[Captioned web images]
================
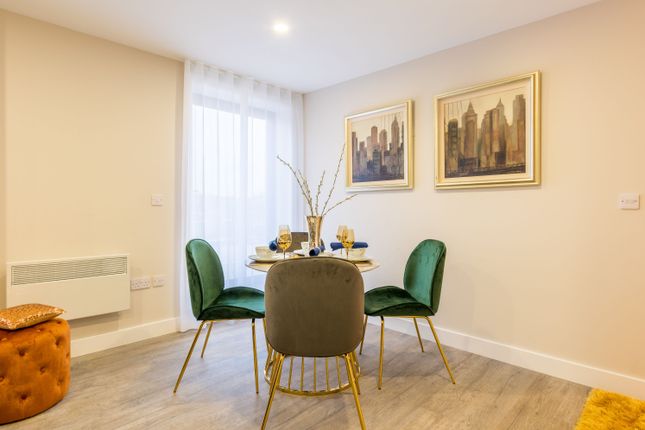 Thumbnail Flat for sale in Northgate House, Leeds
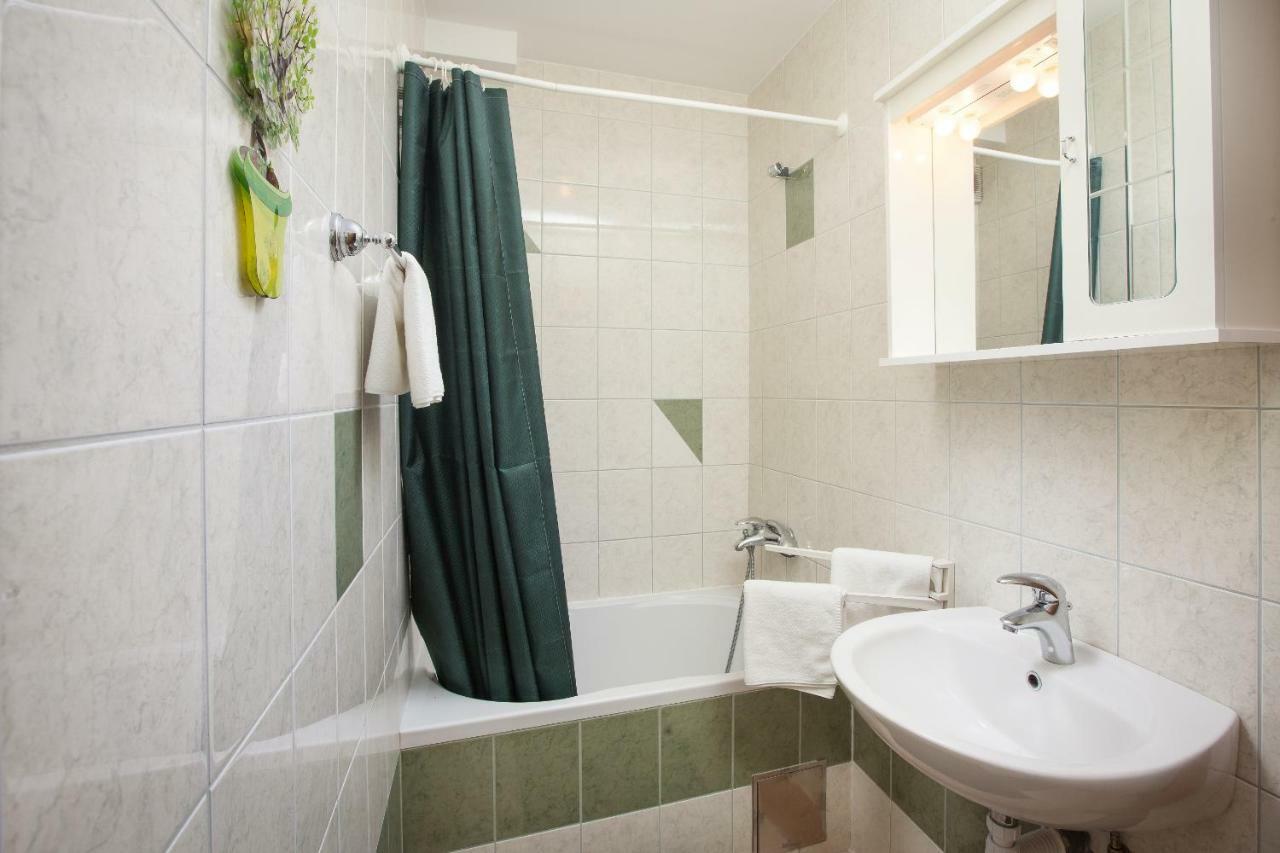 Apartments Cvjetni Dvori Makarska Bagian luar foto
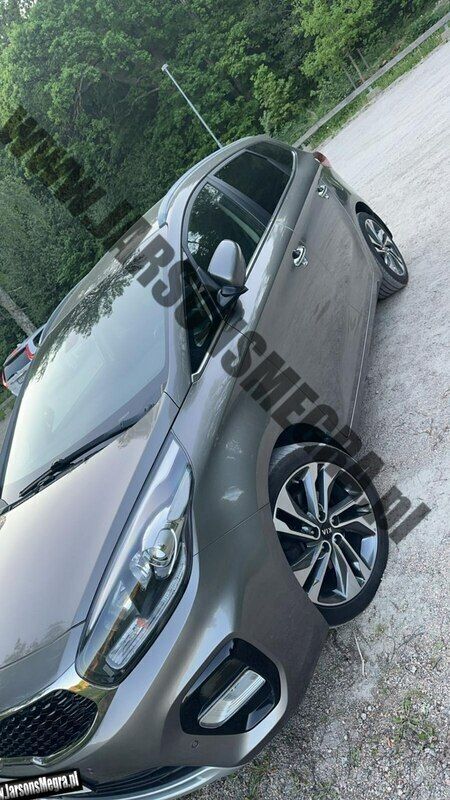 Używany Kia Carens 116 KM (85 kW) 2018 Szary Minivan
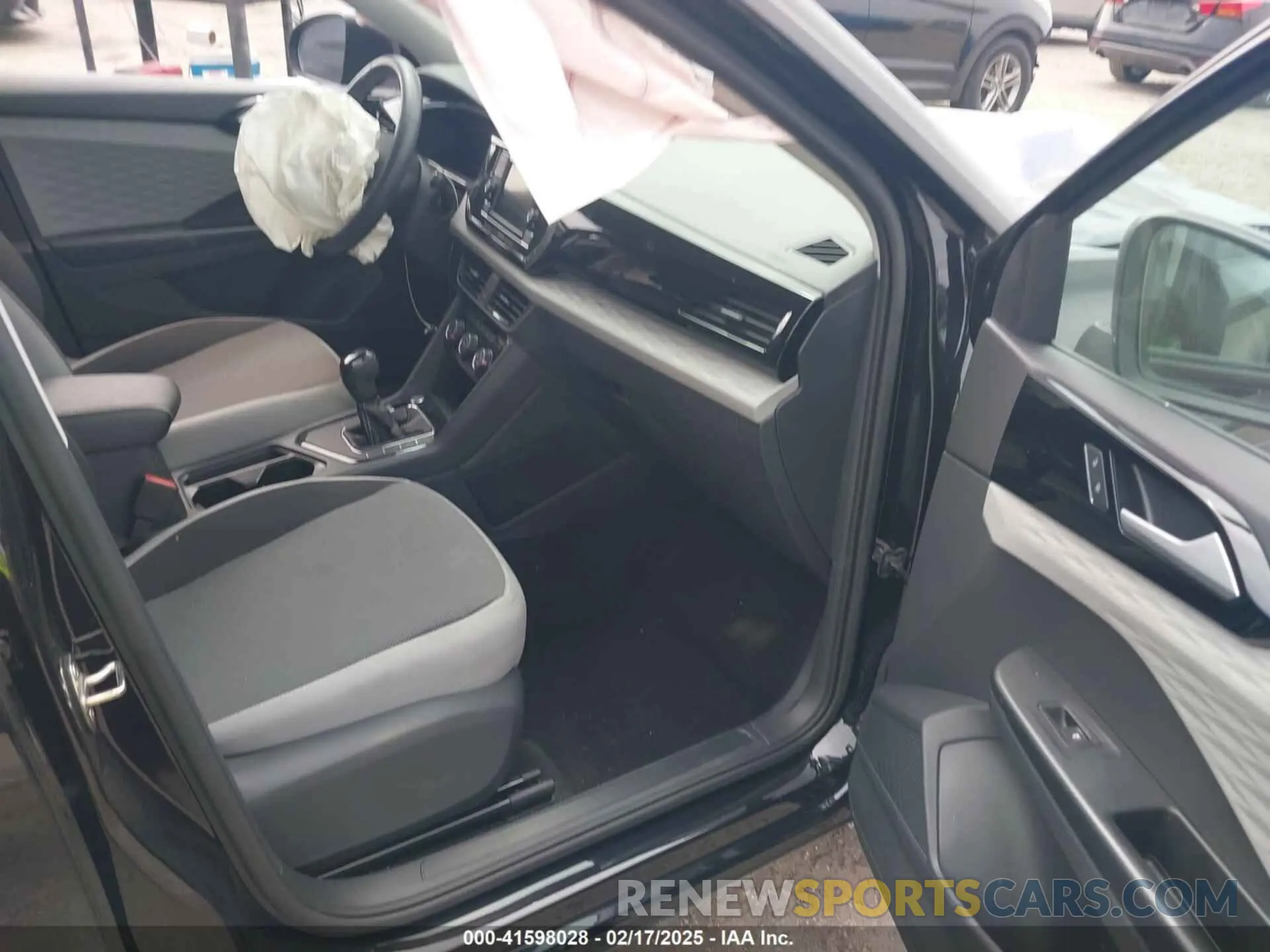 5 Фотография поврежденного автомобиля 3VVCX7B27PM335958 VOLKSWAGEN TAOS 2023
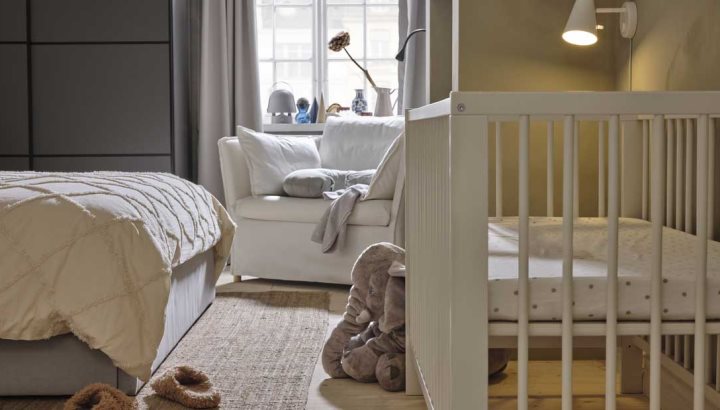 Πώς να δημιουργήσετε ένα άνετο υπνοδωμάτιο για εσάς και το μωρό σας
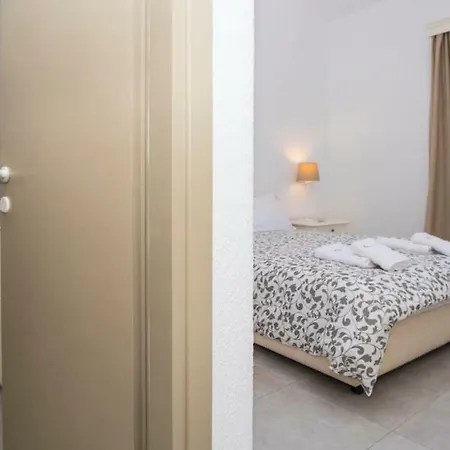 Lorenia Garden Villa, Elani KASSANDRA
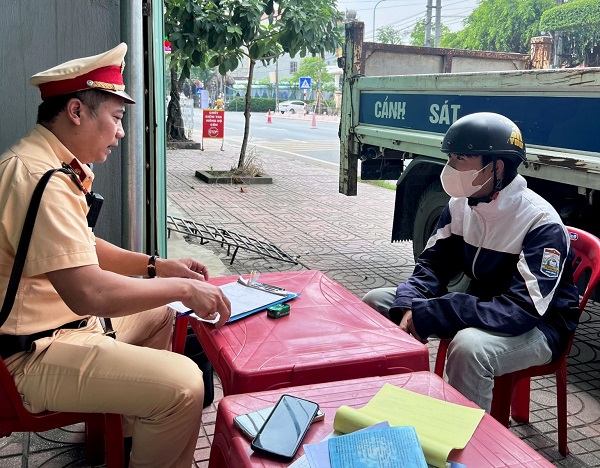 ninh binh xu ly tren 2500 truong hop vi pham trong thang cao diem dam bao an toan giao thong cho hoc sinh hinh 1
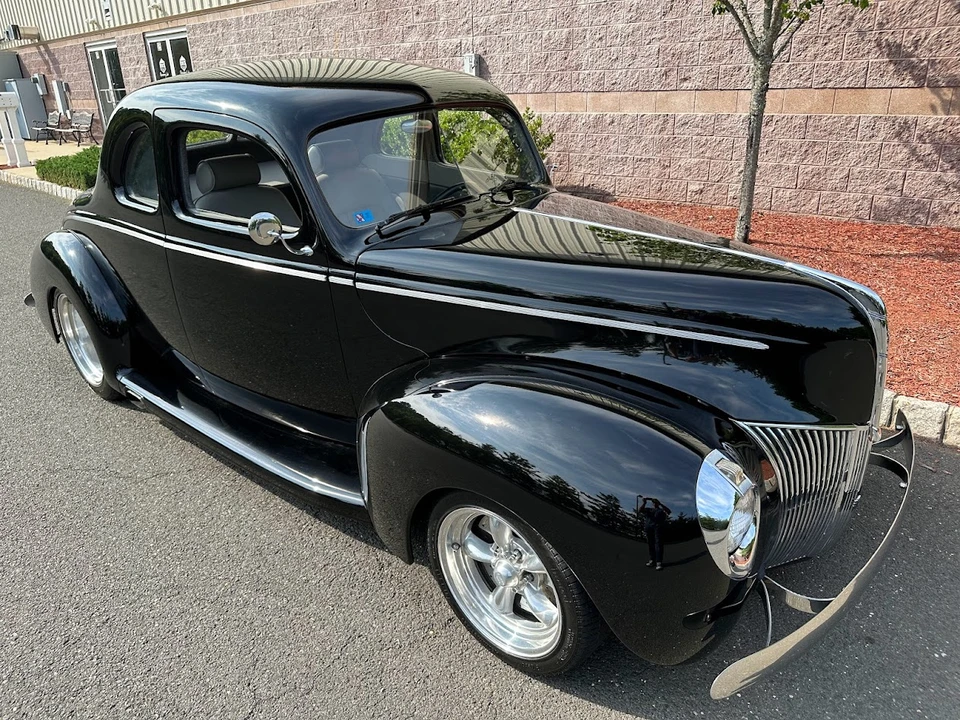 Ford Standard & Deluxe & Super Deluxe - Image 28 of 31
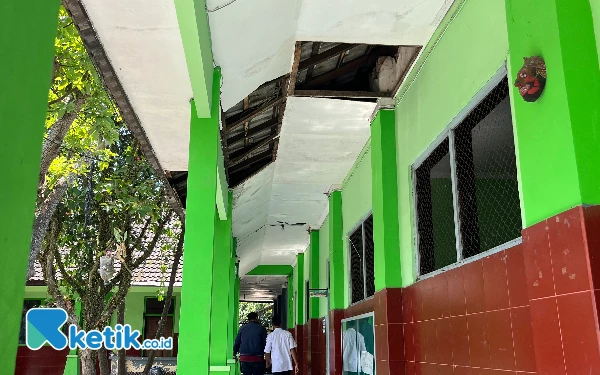 Foto Bagian SDN Ketawanggede yang mengalami kerusakan. (Foto: Lutfia/Ketik.co.id)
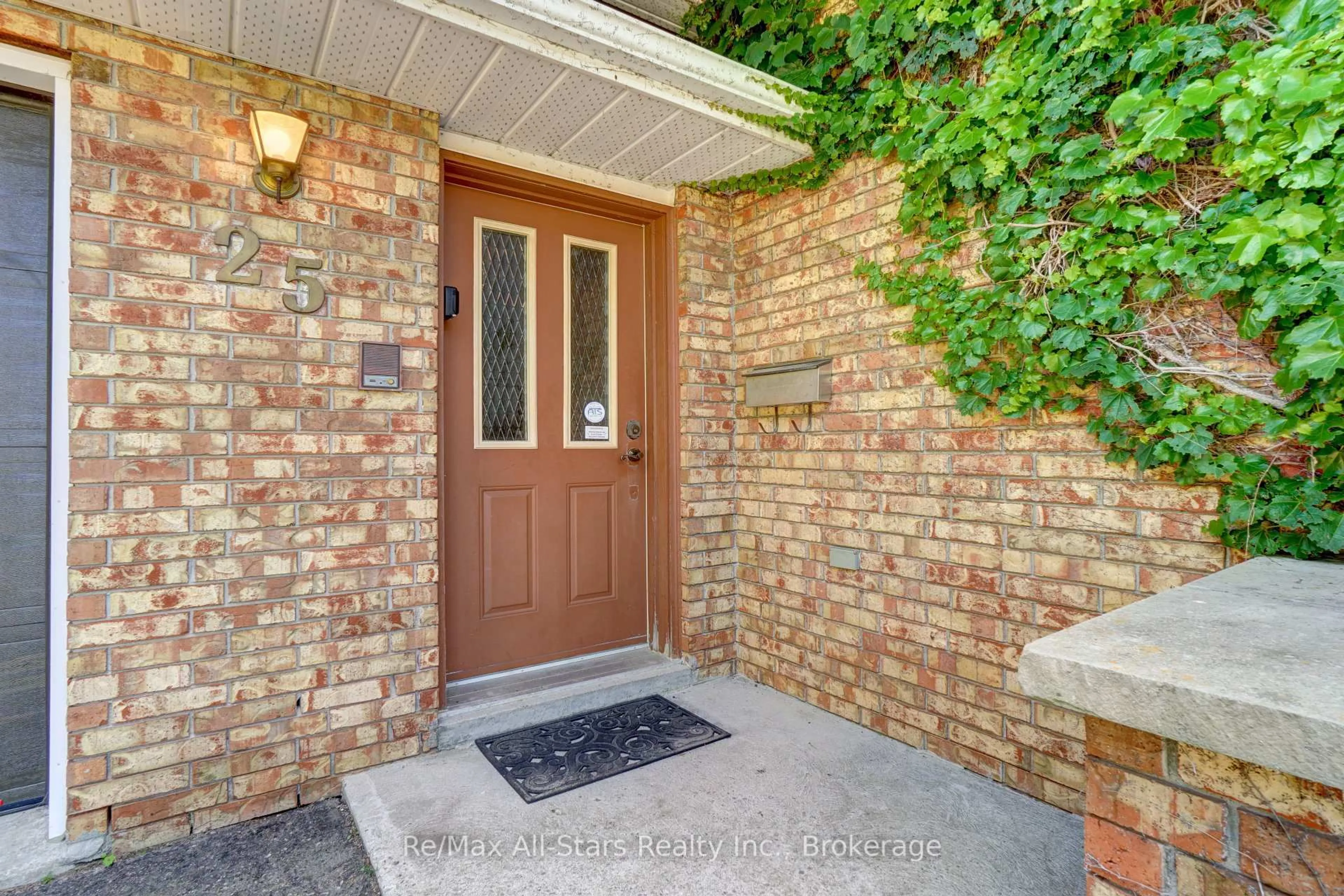 Home with brick exterior material, street for 25 Madill Cres, Kawartha Lakes Ontario K9V 5X3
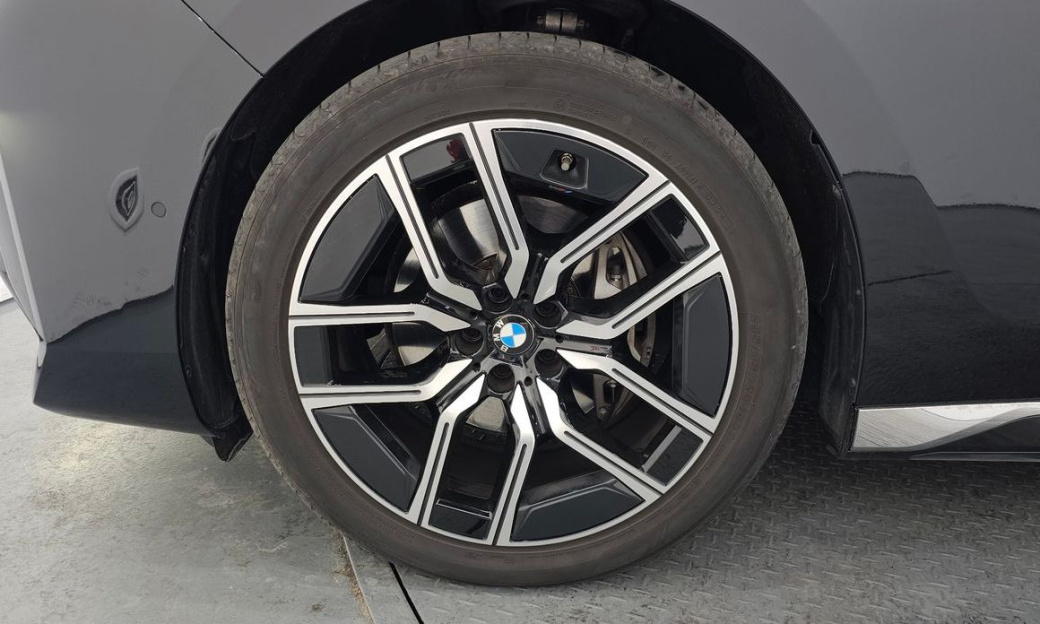 BMW 7-Series 740d xDrive M Sport, 2025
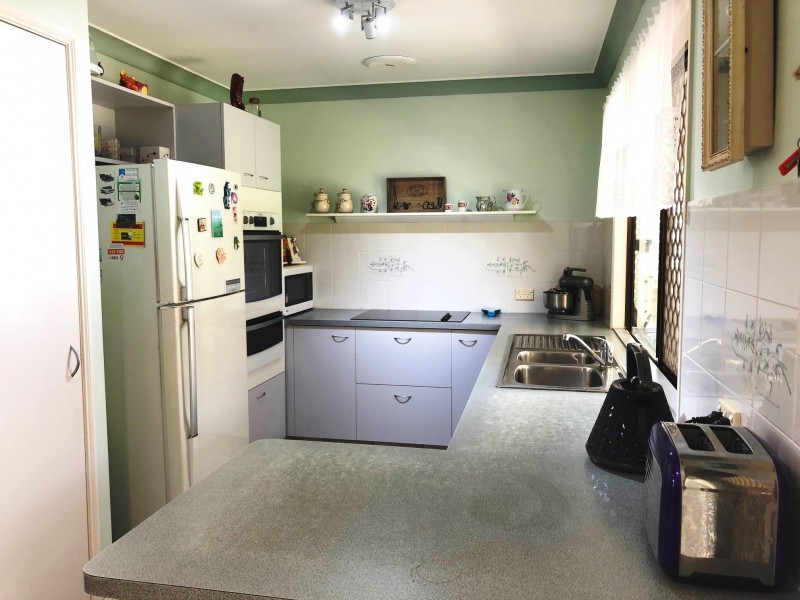 11 Beagle Avenue, Cooloola Cove QLD 4580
================
* Exercise details *
Exact copy, no pictures: reproduce every record above.

* Answer *
 Thumbnail Flat for sale in Northgate House, Leeds
 Apartments Cvjetni Dvori Makarska Bagian luar foto
 Używany Kia Carens 116 KM (85 kW) 2018 Szary Minivan
 5 Фотография поврежденного автомобиля 3VVCX7B27PM335958 VOLKSWAGEN TAOS 2023
 Πώς να δημιουργήσετε ένα άνετο υπνοδωμάτιο για εσάς και το μωρό σας
 Lorenia Garden Villa, Elani KASSANDRA
 ninh binh xu ly tren 2500 truong hop vi pham trong thang cao diem dam bao an toan giao thong cho hoc sinh hinh 1
 Ford Standard & Deluxe & Super Deluxe - Image 28 of 31
 Foto Bagian SDN Ketawanggede yang mengalami kerusakan. (Foto: Lutfia/Ketik.co.id)
 Home with brick exterior material, street for 25 Madill Cres, Kawartha Lakes Ontario K9V 5X3
 BMW 7-Series 740d xDrive M Sport, 2025
 11 Beagle Avenue, Cooloola Cove QLD 4580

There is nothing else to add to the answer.